THE “SINGLE SHOT CINEMA”
“I have been following Rumidjah and her family for several years, and they have allowed me to film crucial moments of their everyday lives. From my first contact with the neighbourhood of Rumidjah’s family I became known as a person with a camera. For them, the camera in my hand is part of my identity, my body. This association has made it possible for me to capture intimate scenes devoid of camera shyness or self-consciousness, like the one involving Rumidjah’s neighbour who lost her apple.

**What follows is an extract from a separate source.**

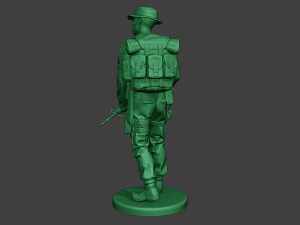 modern jungle soldier walk3 mjs1 3D Print Model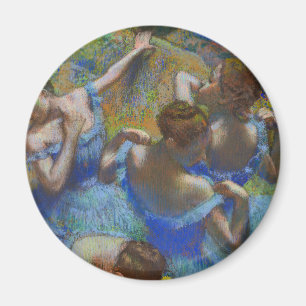 Imã Obra-Prima de Arte Fina Azul de Degas Bailarinas P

To get this close to the skin of the people, all the scenes of ‘Shape of the Moon’ have been filmed according to the principle of the “Single Shot Camera”, which I have been giving workshops on these last years in countries like the USA, Uganda, Indonesia and Germany. I have been developing this method by carefully comparing film history with the history of other forms of art, like painting, sculpturing, architecture, music and poetry.
Like the “Cinéma Vérité” or the “Nouvelle Vague”, “The Single Shot Cinema” is based on the theory of the French film critique André Bazin. His was the idea not to cut reality into pieces, but to leave the temporal continuity of a scene intact to achieve a greater form of realism.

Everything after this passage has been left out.